The material of the adhesive cured portion 13a is not particularly limited. The adhesive curing portion 13a can be formed, for example, by curing an adhesive such as an ultraviolet curing adhesive or a thermosetting adhesive.

As shown to FIG. 5A and FIG. 5B, the ultraviolet curing adhesive hardening part 4 in this embodiment is between the 1st components 12 and the 1st cylindrical part 14b in the 1st components 12, and the 2nd cylindrical part 14c. Is formed by curing the ultraviolet curing adhesive filled between the second part 13 into which the cylindrical portion 16a is inserted.
In the present embodiment, the ultraviolet curing adhesive curing portion 4 is formed by curing the ultraviolet curing adhesive filled between the first bonding surface 14B and the first bonding surface 16B. Thus, the region between the first adhesive surface 14B and the first adhesive surface 16B constitutes a first region between the first assembly component and the second assembly component.
The ultraviolet curing adhesive curing portion 4 may be formed over the entire circumference between the first bonding surface 14B and the first bonding surface 16B, or may be formed at a plurality of places separated in the circumferential direction. In the present embodiment, as an example, an example in which it is formed over the entire circumference will be described (see FIG. 5B).

The thermosetting adhesive curing portion 5 in the present embodiment has a cylindrical portion 16 a inserted between the first component 12 and the first cylindrical portion 14 b and the second cylindrical portion 14 c of the first component 12. The thermosetting adhesive filled between the two parts 13 is formed by curing.
In the present embodiment, the thermosetting adhesive cured portion 5 is formed by curing the thermosetting adhesive filled between the second adhesive surface 14C and the second adhesive surface 16C. Thus, the region between the second adhesive surface 14C and the second adhesive surface 16C constitutes a second region between the first assembly component and the second assembly component.
The thermosetting adhesive cured portion 5 may be formed over the entire circumference between the second adhesive surface 14C and the second adhesive surface 16C, or may be formed at a plurality of places separated in the circumferential direction. In the present embodiment, as an example, an example will be described in which it is formed over the entire circumference (see FIG. 5B).

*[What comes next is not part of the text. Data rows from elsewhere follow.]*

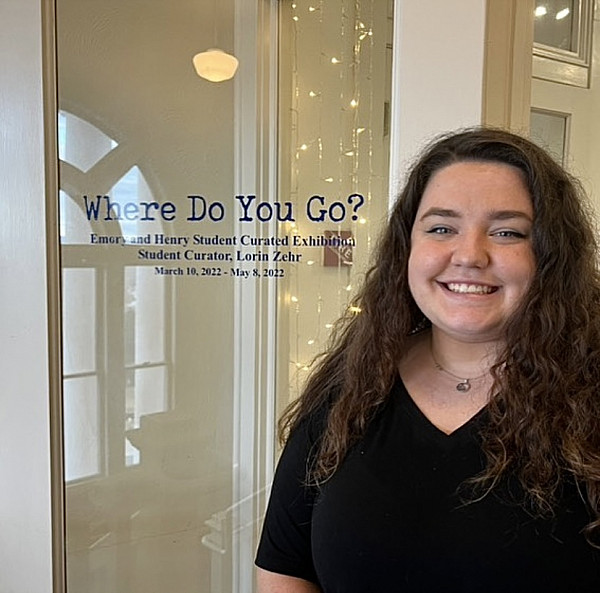 Lorin Zehr, '22, at the Where Do You Go? exhibit she curated.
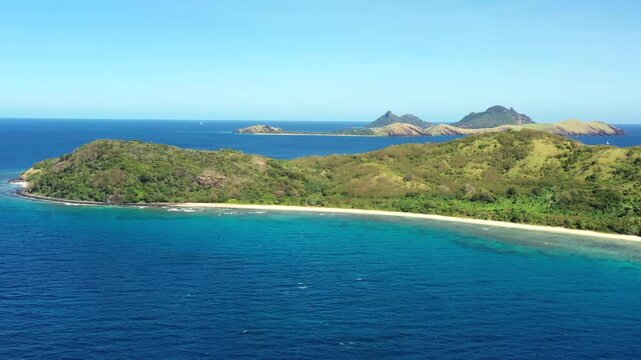 Aerial panning at Tokoriki island in Fiji pacific coral reef paradise as 4k.
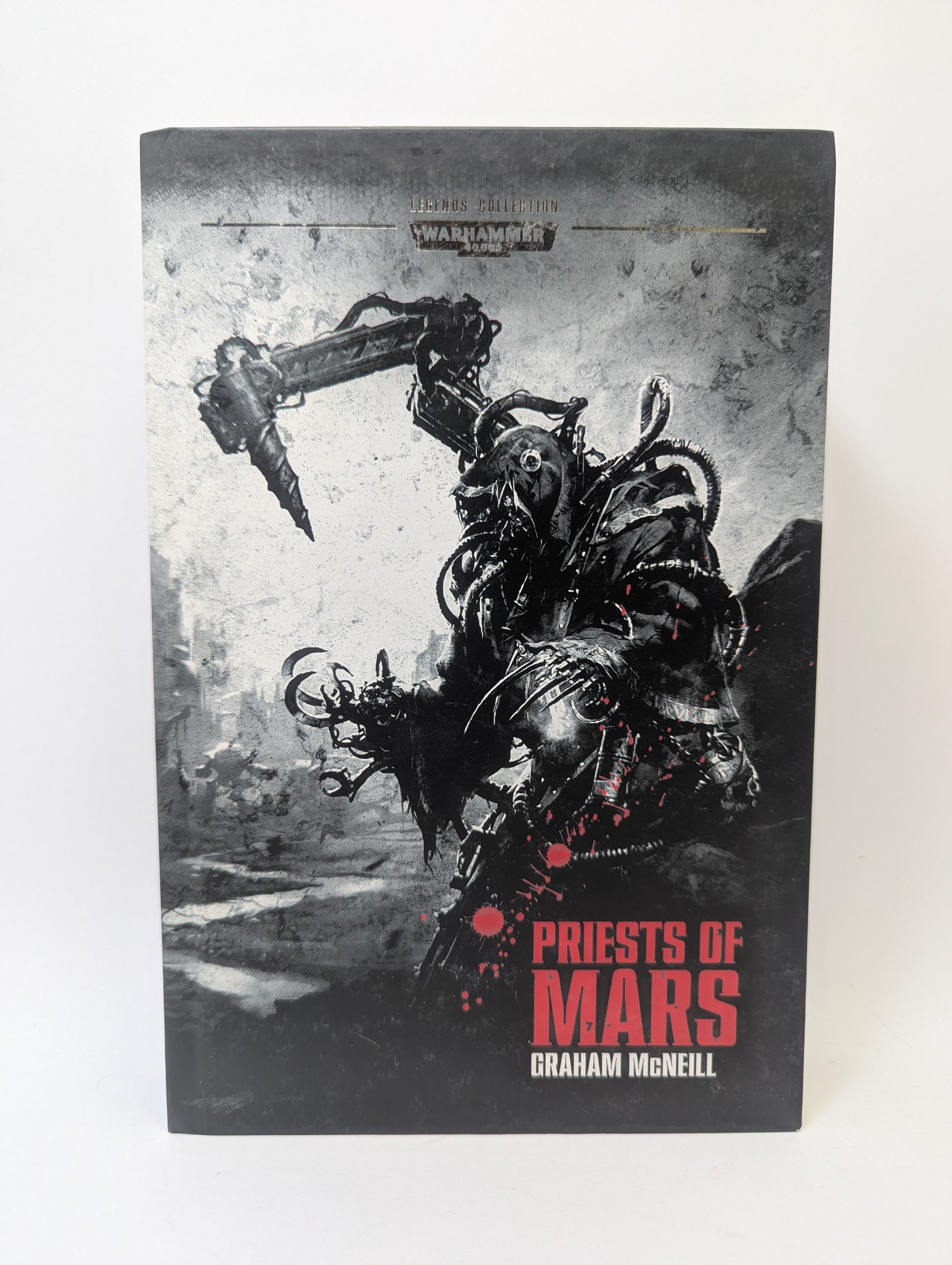 Warhammer 40K knyga „Legends Collection Book 55 – Priests of Mars“ su Adeptus Mechanicus simbolika ir grimdark mokslinės fantastikos viršeliu.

Next, a method of manufacturing the optical assembly 11 will be described focusing on the method of bonding and fixing the optical assembly of the present embodiment.
FIG. 8 is a process diagram for curing an ultraviolet curing adhesive in the method for bonding and fixing an optical assembly according to the second embodiment of the present invention. FIG. 9 is a process diagram for curing a thermosetting adhesive in the method for bonding and fixing an optical assembly according to the second embodiment of the present invention.

After the optical assembly 11 manufactures the first component 12 and the second component 13, the optical assembly according to the first embodiment, the flow of which is shown in FIG. Manufactured by adhesively fixing by the adhesive fixing method of
Hereinafter, differences from the first embodiment will be mainly described.

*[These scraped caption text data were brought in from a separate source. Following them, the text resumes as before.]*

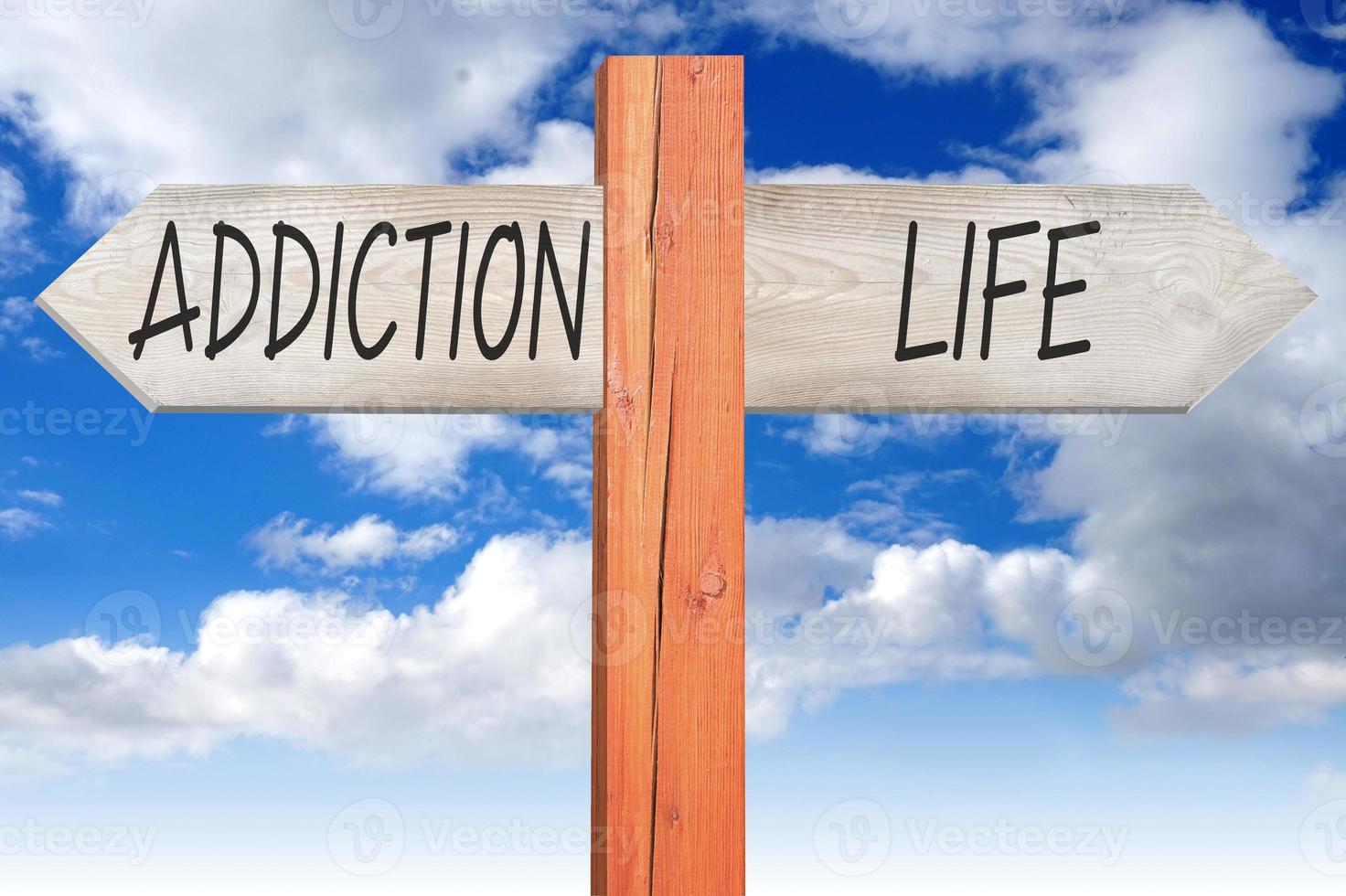 Addiction or Life - Wooden Signpost with Two Arrows and Cloudy Sky photo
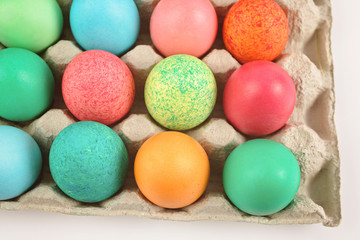 Fototapeta na wymiar Colourful painted easter eggs in egg carton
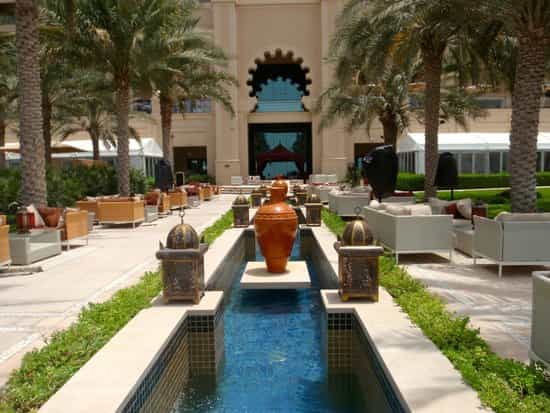 Fairmont The Palm Courtyard: Luxury outdoor networking space with water features for event hire.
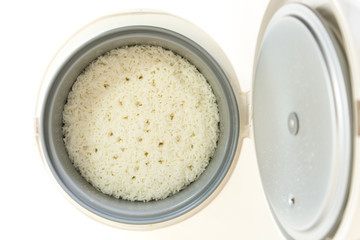 Stream rice in electric rice cooker on white background, isolate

Step S1 in the present embodiment is that the parts to be fixed to each other are the first part 12 and the second part 13 and, correspondingly, the portion where the ultraviolet curing adhesive 4L and the thermosetting adhesive 5L intervene The different point is different from step S1 in the first embodiment.
This step can be performed, for example, as follows.
First, the holding portion 14A of the first component 12 is held by the holding jig 9, and the holding portion 16A of the second component 13 is held by the holding jig 10.
Next, for example, the ultraviolet curing adhesive 4L is applied to the first adhesive surface 16B, and the thermosetting adhesive 5L is applied to the second adhesive surface 14C.
Next, as shown in FIG. 8, the holding jigs 9 and 10 are moved relative to each other, and the first cylindrical portion 14 b and the second cylindrical portion 14 c of the first component 12 held by the holding jig 9. The cylindrical portion 16a of the second part 13 is inserted between them.
When the first component 12 is inserted to a position where the second bonding surface 14C faces the second bonding surface 16C of the second component 13, the relative movement of the holding jigs 9 and 10 is stopped. At this time, the front end surface 14 d of the first component 12 contacts the thermosetting adhesive 5 L applied to the first adhesive surface 16 B of the second component 13.
As a result, the thermosetting adhesive 5L is filled between the second adhesive surface 14C and the second adhesive surface 16C. The ultraviolet curing adhesive 4L is filled between the first adhesive surface 14B and the first adhesive surface 16B.
Above, step S1 in this embodiment is completed.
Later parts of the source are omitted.